RGRTA now brings claims against defendants Gillig and Cummins under theories of breach of contract, breach of express warranty, breach of implied warranty, and negligence. RGRTA also brings a claim for strict products liability against defendant Cummins. RGRTA alleges damages of an amount which exceeds the sum of One Million Two Hundred Fifty Thousand Dollars ($1,250,000.00) for the repair and replacement of the defective engines, labor costs, and all incidental and consequential costs.

STANDARD OF REVIEW

Federal Rule of Civil Procedure 12(b)(6) authorizes dismissal of all or part of a complaint for "failure to state a claim upon which relief can be granted." The complaint must contain facts sufficient "to raise the right to relief above the speculative level" and state a claim for relief "that is plausible on its face." Bell Atlantic Corp. v. Twombly, 550 U.S. 544, 570 (2007). While the complaint must give the defendant(s) notice of the claims and their grounds, it need not contain specific facts. Erikson v. Pardus, 551 U.S. 89, 93 (2007). However, the standard set by Twombly "requires more than labels and conclusions, and a formulaic recitation of the elements of a cause of action will not do." 550 U.S. at 570. When assessing a motion to dismiss, all factual allegations in the complaint must be accepted as true. See Erikson, 551 U.S. at 93. On a motion to dismiss, the court may consider the facts alleged in the complaint, documents attached to the complaint, and "documents that the plaintiffs either possessed or knew about and upon which they relied in bringing the suit." Patane v. Clark, 508 F.3d 106, 112 (2d Cir. 2007)(quoting Rothman v. Gregor, 220 F.3d 81, 88 (2d Cir. 2000)). "Dismissal is inappropriate unless it appears beyond doubt that the plaintiff can prove no set of facts which would entitle him or her to relief." Sweet v. Sheahan, 235 F.3d 80, 83 (2d Cir. 2000).

DISCUSSION

TIME BARRED CLAIMS

Any action for breach of contract or warranty arising from the sale of goods is subject to a four-year statute of limitations. N.Y. U.C.C. § 2-275(1). This cause of action accrues at the time of delivery, regardless of whether the aggrieved party is aware of the breach. § 2-275(2). There is a narrowly construed exception under which the cause of action does not accrue until the breach is discovered, which applies where a warranty explicitly pertains to the future performance of the goods. Id. Warranties to repair or replace the product in the event that it fails to perform, without any promise of performance, do not constitute warranties of future performance. See Rosen v. Spanierman, 894 F.2d 28, 31 (2d Cir. 1990). As the warranties provided by Gillig and Cummins were to repair or replace defective parts and does not warrant future performance, this exception does not apply here. Therefore, the plaintiff's breach of contract and warranty claims are subject to a four-year statute of limitations, beginning on the date of delivery of the buses.

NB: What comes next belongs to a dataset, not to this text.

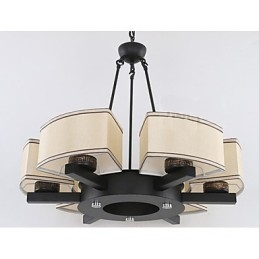 Lampadario in stile cinese in ferro e rame, imitazione lampade ad aria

The first thirty buses covered by the RGRTA-Gillig contract were delivered to RGRTA in April 2004. Am. Compl. ¶ 34. As RGRTA's causes of action for breach of contract and warranties accrued at the time of delivery, the statute of limitations for claims regarding these buses expired in April 2008. Plaintiff did not experience problems with any buses until September, 2008. Am. Compl. ¶ 42. Therefore, ...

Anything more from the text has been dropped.